Problem reading a series UIDs

I have a directory containing files with .dcm.dcma extension.
It contains 4 series.
I can easily open it with ITK-SNAP or Slicer3D.
I run sitk.ImageSeriesReader_GetGDCMSeriesIDs on it and it simply freezes without returning anything.
I can’t get no error message whatsoever to help debug this.

Can anybody help?

Running SimpleITK 1.2.0 on OSX 10.13.6

I just tried with Python ITK rather than SimpleITK, it gets stuck on names_generator.SetDirectory

@Roulbac I guess this is hard to reproduce if the community is not given further information. If you think this is a bug, please consider opening an issue. Read the instructions in the appropriate issue template.

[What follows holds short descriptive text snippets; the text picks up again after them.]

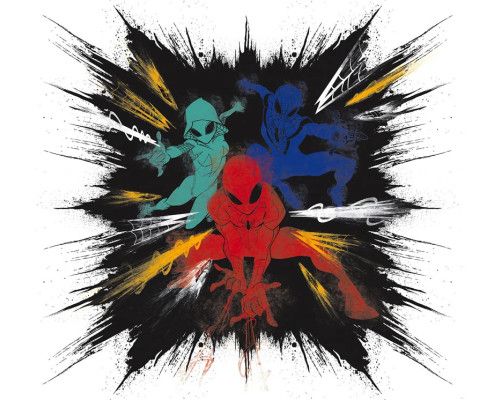 Spiderman kleur explosie fotobehang met grafische elementen en levendige kleuren.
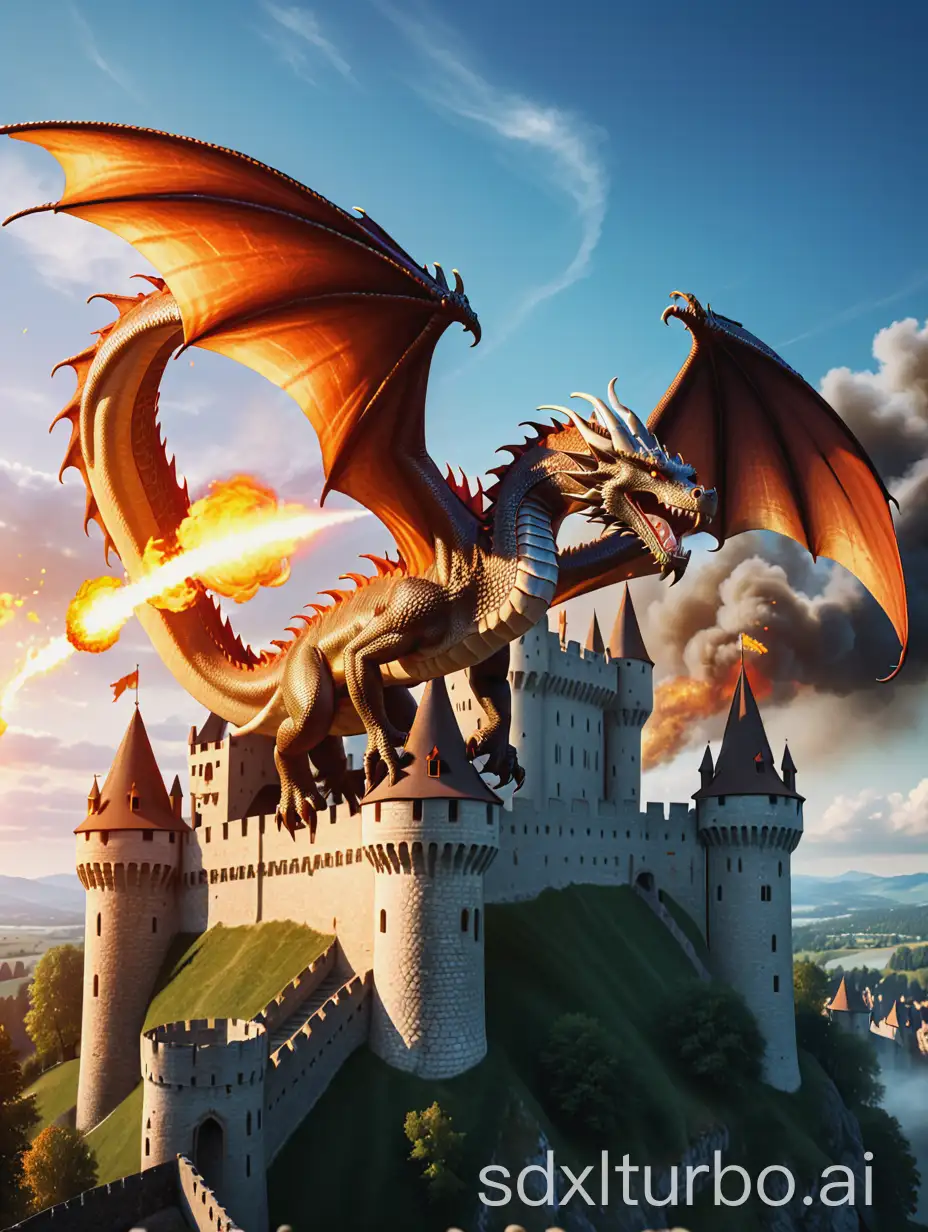 A majestic dragon soaring above a medieval castle, breathing fire,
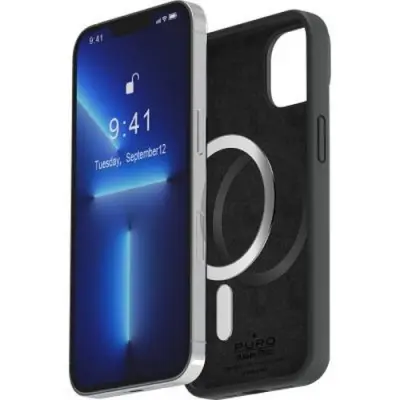 PURO, Silikonski ovitek Icon za iPhone 14 Pro, združljiv z MagSafe, ?rna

Since this looks specific to your data, providing your data will hopefully

  • Help people debug the issue and hopefully come up with useful comments, and eventually a solution.
  • Broaden the testing data pool of ITK so that regressions are added on your data, the toolkit becomes more robust, and the issue is never reproduced.

Thanks for sharing.

Here’s an update;
I ran it on a more powerful computer with Ubuntu 16.04.5
Same problem.
If i wait a little longer, i get thrown this error
RuntimeError: Exception thrown in SimpleITK ImageSeriesReader_GetGDCMSeriesIDs: std::bad_alloc

Here is a link to the DICOM folder

The code I executed is the following:

reader = sitk.ImageSeriesReader()
uids = reader.GetGDCMSeriesIDs(’./12.2/’)

Slicer 4.10.1 on Windows also hangs on this. Which version of Slicer did you use to open it?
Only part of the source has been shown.